Time Warner Cable (TWC) will report its Q3 2012 earnings on October 31 and, as always, pay-TV subscriber losses and broadband gains will be the main focus. We expect pay-TV subscriber losses to continue but come down compared to Q3 of 2011 as well as Q2 of 2012. While the year-over-year improvement will be driven by improved service and a relatively better economic environment, the sequential improvement will result from Q3 being seasonally stronger than Q2. In addition to this, growth in the broadband business due to subscriber and ARPU gains will drive Time Warner Cable’s overall profits. Unlike Comcast (CMCSA), TWC managed to grow its overall margins in 2011 despite the rising programming costs.

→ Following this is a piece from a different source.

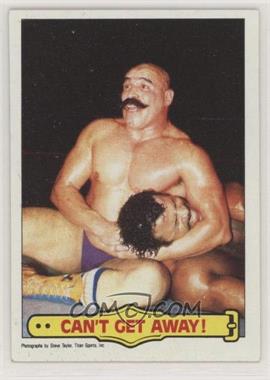 1985 Topps WWF - [Base] #51 - Rocky Johnson, Iron Sheik [Poor to Fair]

Business services (including TV, broadband and digital phone) will see substantial growth in the upcoming quarterly results but their overall impact on the company will be small due to a relatively small revenue base.

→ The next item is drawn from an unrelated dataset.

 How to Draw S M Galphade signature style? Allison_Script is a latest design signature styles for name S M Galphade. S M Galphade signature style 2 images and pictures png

Pay-TV Subscriber Losses To Reduce
Time Warner Cable lost 169,000 subscribers last quarter, and we expect this figure to come down in the upcoming results.  What bodes well for the company is that most of the pay-TV losses were concentrated in its analog base. The losses should come down as the digital transition completes, similar to what we expect for Comcast. Furthermore, growth in triple-play bundles is a positive factor. The company saw 54,000 net additions for triple-play bundles including TV, broadband and voice in the last quarter, which implied 40% growth over Q2 2011.  Triple-play customers tend to be more sticky and this bodes well for the future. In fact, this triple-play growth will help boost VoIP connections as well.
To augment its traditional pay-TV service, Time Warner Cable has also been making some of its channels available for streaming to its subscribers. However, its streaming arsenal still pales in comparison to other competitors.
Broadband To The Rescue
Cable companies such as Time Warner Cable are in an advantageous position to leverage the trend of broadband adoption and grow their subscriber base. Customers prefer to receive all of their services from a single provider as this works out to be cost-effective and convenient – a single bill for all services. This gives Time Warner Cable an advantage over pure-play companies. Furthermore, given that Time Warner Cable’s cable network is much more extensive and widespread than telecom operators’ fiber optic networks, the company has the opportunity to capture broadband subscribers before telcos can reach them. Additionally, the company’s focus on large, upscale markets such as New York and Los Angeles puts it in a good position to market its high-end broadband tiers.
As a result, we expect the average revenue per user (ARPU) and subscriber growth to continue for Time Warner Cable’s broadband division which should more than compensate for the slow pay-TV growth.
Our price estimate for Time Warner Cable stands at $88, implying a discount of more than 10% to the market price.